**WHAT YOU SHOULD DO**
Return the lines below exactly, please, from the one containing "MAM Easy Start" through the last one, both included, and leave out any pictures.

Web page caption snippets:
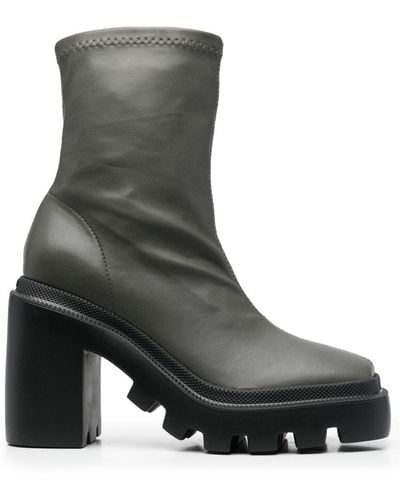 Vic Matié Square-toe Ankle Boots - Grey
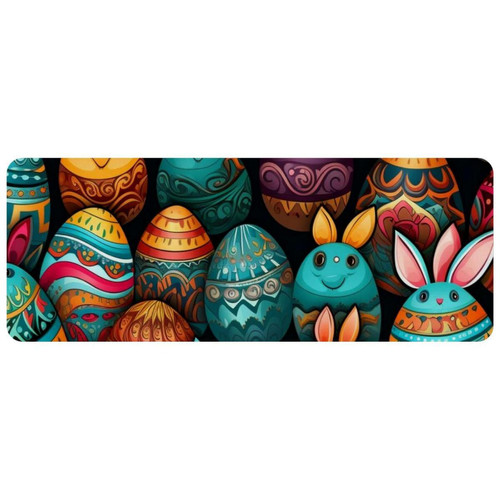 ownta - OWNTA Easter Rabbit Grand tapis de bureau à motif : tapis de jeu rectangulaire étendu de 11,8 x 31,3 pouces avec fond en caoutchouc antidérapant - adapté au bureau à domicile - grand tapis de souris ownta  - Tapis de souris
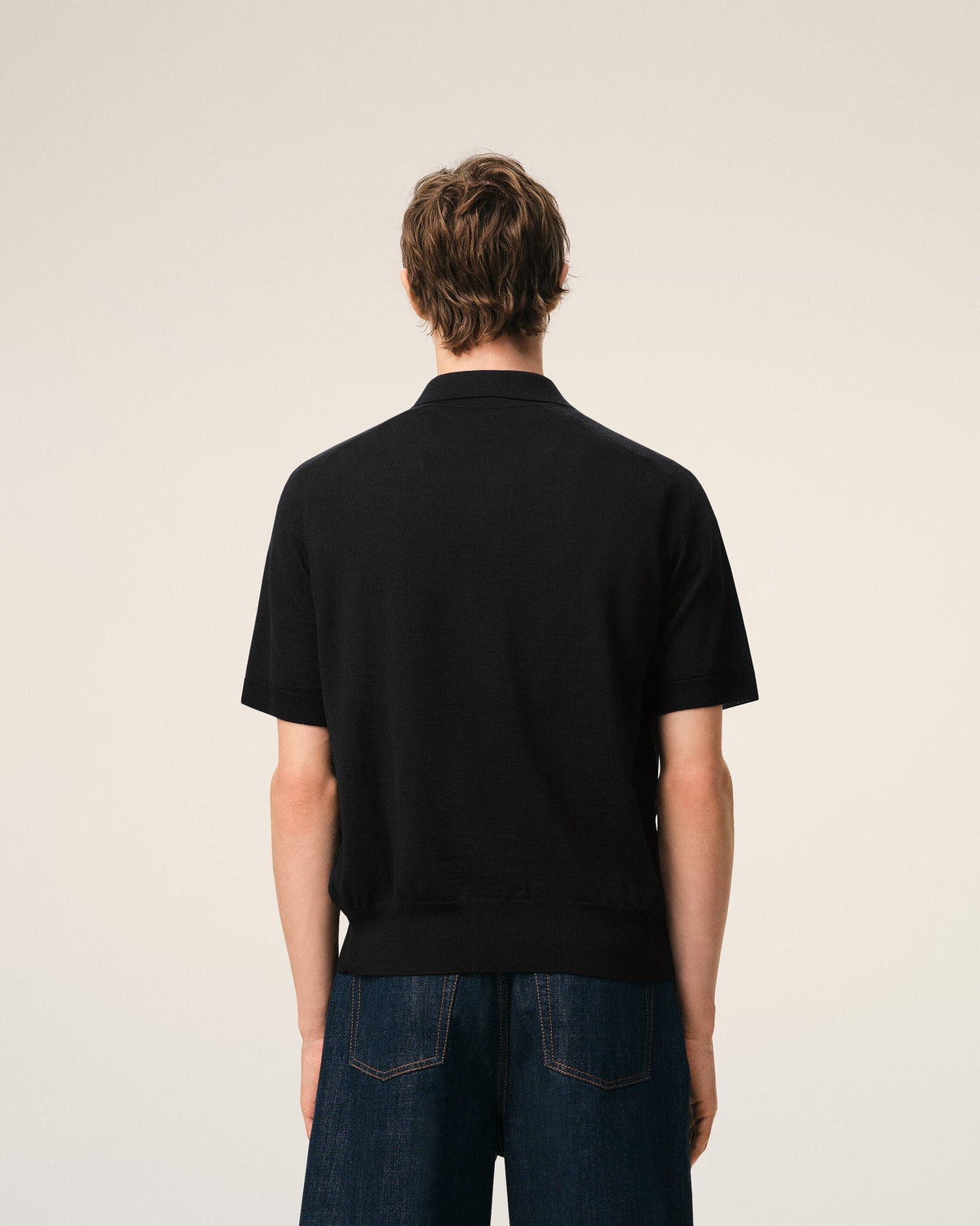 Black Wool Short Sleeves Polo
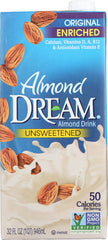 DREAM: Almond Dream Original Unsweetened Almond Drink, 32 fo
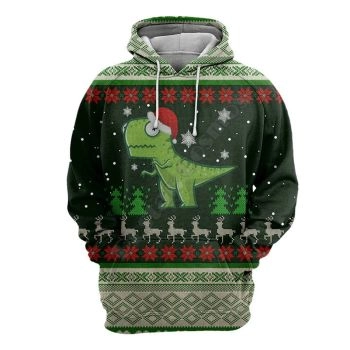  Classical  Green Dinosaurs Pattern Christmas Hoodie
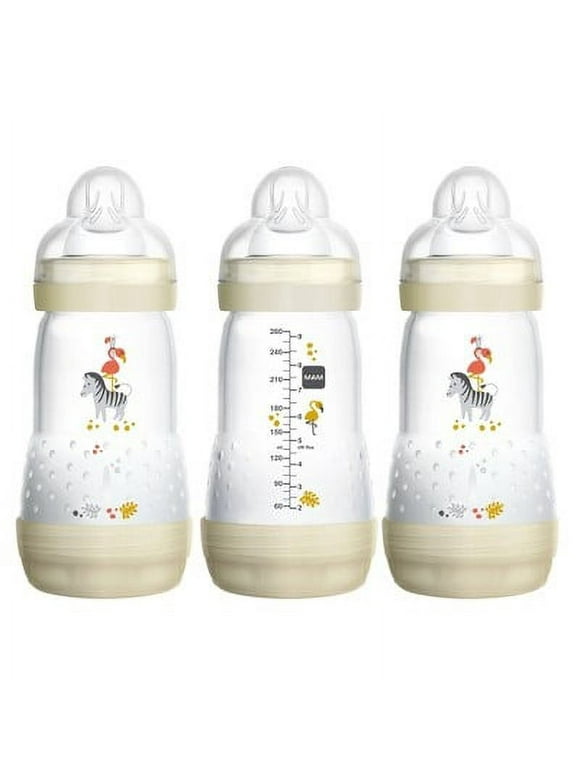 MAM Easy Start Anti-Colic Bottle 9 oz (3-Count), Baby Essentials, Medium Flow Bottles with Silicone Nipple, Unisex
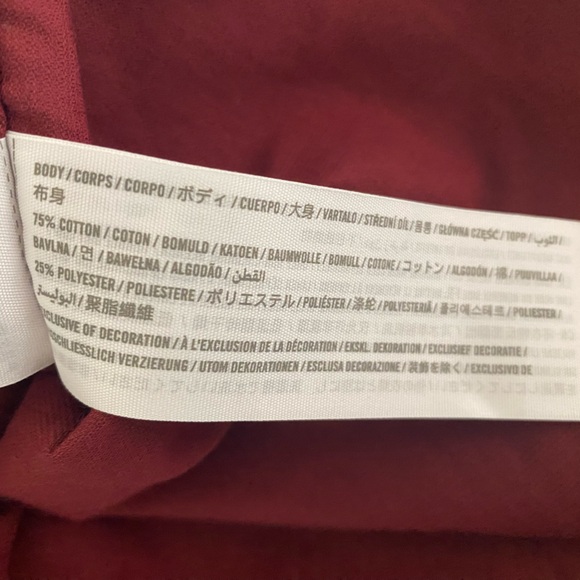 Abercrombie & Fitch Corduroy Button Front Holiday Boho Overall Mini Dress Red L - Picture 10 of 10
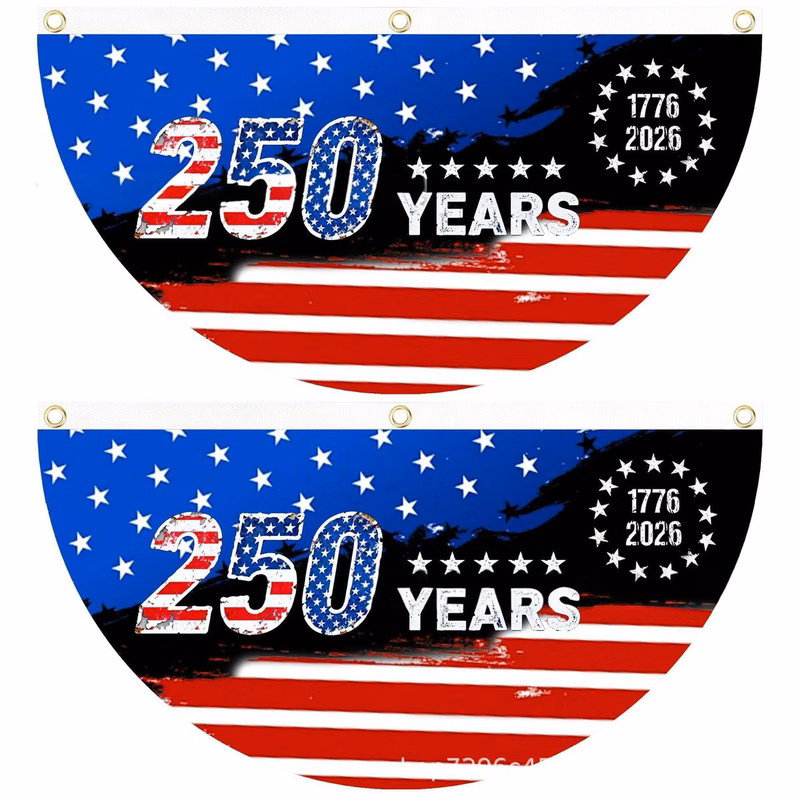 USA 250th Anniversary Fan-Shaped Semi-Circular Flag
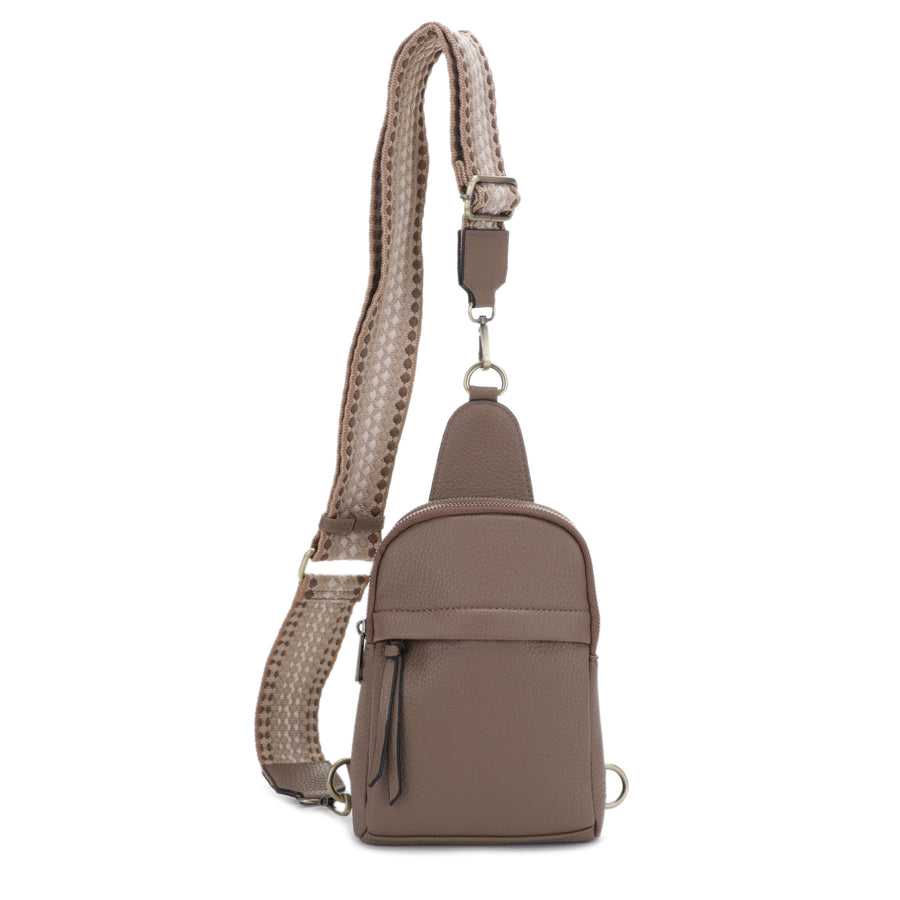 SG SUGU Sara Double Compartment Small Crossbody Sling Bag with Colored Webbing Strap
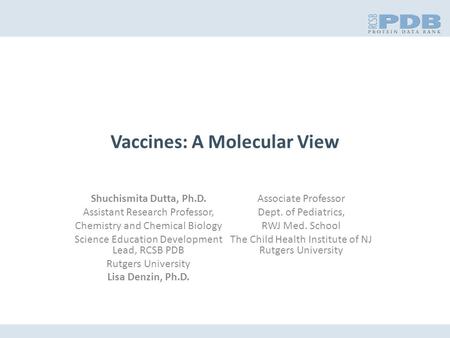 Vaccines: A Molecular View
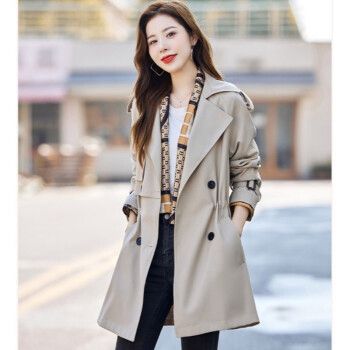 纳菲兰风衣女外套女2022年秋装新款韩版休闲时尚气质双排扣中长款腰带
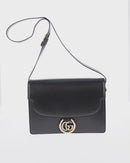 GUCCI GG Logo Shoulder Bag Leather Black Gold 589471 Auth 144672M-2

**EXERCISE RESULT**
 MAM Easy Start Anti-Colic Bottle 9 oz (3-Count), Baby Essentials, Medium Flow Bottles with Silicone Nipple, Unisex
 Abercrombie & Fitch Corduroy Button Front Holiday Boho Overall Mini Dress Red L - Picture 10 of 10
 USA 250th Anniversary Fan-Shaped Semi-Circular Flag
 SG SUGU Sara Double Compartment Small Crossbody Sling Bag with Colored Webbing Strap
 Vaccines: A Molecular View
 纳菲兰风衣女外套女2022年秋装新款韩版休闲时尚气质双排扣中长款腰带
 GUCCI GG Logo Shoulder Bag Leather Black Gold 589471 Auth 144672M-2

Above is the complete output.